(TASK DIRECTIONS): The word "Product" marks the lines to keep; find each one in the data and copy it.
(DATASET RECORDS begins)
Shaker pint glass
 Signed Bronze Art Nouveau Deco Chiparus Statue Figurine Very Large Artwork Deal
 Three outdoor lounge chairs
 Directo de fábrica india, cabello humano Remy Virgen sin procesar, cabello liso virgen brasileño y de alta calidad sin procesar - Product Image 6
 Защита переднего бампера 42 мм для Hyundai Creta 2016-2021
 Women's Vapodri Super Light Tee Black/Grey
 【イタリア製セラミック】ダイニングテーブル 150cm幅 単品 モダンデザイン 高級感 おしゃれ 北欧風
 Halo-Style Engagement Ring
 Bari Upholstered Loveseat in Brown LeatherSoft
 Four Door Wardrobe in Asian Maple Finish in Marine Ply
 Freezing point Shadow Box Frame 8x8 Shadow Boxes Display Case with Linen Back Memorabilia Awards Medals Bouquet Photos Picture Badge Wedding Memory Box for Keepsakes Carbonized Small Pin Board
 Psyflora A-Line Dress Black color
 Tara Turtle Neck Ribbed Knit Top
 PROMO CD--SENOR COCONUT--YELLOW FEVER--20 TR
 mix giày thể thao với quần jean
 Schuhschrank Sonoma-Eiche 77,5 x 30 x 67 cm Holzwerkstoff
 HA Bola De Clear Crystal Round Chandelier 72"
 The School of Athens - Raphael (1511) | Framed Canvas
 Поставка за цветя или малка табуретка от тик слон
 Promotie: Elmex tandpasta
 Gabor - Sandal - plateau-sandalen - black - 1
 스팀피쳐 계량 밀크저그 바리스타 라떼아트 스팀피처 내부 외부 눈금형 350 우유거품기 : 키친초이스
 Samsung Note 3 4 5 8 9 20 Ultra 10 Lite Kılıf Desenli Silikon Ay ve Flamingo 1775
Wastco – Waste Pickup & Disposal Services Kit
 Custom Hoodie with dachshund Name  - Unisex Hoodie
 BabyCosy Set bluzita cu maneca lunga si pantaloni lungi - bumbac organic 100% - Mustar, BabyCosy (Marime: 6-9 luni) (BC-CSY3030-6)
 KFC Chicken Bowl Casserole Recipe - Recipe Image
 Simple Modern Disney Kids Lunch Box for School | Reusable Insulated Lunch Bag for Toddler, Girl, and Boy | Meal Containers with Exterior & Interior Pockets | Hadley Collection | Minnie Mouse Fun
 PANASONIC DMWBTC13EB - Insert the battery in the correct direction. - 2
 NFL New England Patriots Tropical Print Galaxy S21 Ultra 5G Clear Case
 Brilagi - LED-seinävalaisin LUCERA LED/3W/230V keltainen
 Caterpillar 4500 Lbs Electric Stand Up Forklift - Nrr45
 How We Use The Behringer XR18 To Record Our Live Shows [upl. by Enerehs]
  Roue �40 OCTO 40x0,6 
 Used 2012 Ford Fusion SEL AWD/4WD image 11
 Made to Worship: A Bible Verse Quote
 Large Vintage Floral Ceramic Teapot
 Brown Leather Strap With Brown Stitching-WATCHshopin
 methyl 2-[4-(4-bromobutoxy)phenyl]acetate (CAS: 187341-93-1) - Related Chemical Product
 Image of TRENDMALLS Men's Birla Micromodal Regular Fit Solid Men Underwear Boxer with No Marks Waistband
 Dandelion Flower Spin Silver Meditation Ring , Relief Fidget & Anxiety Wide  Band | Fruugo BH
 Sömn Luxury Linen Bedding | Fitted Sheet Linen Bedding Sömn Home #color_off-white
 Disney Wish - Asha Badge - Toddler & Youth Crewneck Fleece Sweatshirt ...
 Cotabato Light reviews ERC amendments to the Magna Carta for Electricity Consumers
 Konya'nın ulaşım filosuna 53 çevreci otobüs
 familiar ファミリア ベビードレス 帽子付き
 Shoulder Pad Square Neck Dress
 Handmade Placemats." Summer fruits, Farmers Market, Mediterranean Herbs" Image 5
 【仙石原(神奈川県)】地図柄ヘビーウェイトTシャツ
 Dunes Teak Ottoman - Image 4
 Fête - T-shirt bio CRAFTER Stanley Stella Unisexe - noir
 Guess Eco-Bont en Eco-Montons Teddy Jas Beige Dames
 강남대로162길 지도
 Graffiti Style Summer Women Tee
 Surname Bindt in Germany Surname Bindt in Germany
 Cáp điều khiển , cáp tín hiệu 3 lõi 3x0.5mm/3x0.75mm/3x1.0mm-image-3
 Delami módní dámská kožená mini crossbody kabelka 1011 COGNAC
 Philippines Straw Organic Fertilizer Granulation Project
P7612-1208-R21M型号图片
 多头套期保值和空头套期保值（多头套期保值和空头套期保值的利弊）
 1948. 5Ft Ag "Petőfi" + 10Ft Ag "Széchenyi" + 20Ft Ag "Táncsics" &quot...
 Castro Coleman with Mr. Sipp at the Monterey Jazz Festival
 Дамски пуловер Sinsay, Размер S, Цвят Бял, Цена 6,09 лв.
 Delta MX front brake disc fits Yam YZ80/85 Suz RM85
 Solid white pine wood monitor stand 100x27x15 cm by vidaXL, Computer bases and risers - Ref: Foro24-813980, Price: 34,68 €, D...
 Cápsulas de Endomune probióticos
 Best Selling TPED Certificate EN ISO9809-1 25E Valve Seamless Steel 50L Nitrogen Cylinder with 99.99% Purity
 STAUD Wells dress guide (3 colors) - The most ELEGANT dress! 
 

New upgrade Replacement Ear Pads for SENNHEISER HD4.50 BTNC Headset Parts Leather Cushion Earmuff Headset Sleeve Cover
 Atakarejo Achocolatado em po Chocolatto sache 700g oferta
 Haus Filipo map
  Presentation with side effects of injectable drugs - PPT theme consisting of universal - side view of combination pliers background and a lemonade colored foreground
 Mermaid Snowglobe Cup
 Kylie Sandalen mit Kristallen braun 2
(DATASET RECORDS ends)
(ANSWER):
 Directo de fábrica india, cabello humano Remy Virgen sin procesar, cabello liso virgen brasileño y de alta calidad sin procesar - Product Image 6
 methyl 2-[4-(4-bromobutoxy)phenyl]acetate (CAS: 187341-93-1) - Related Chemical Product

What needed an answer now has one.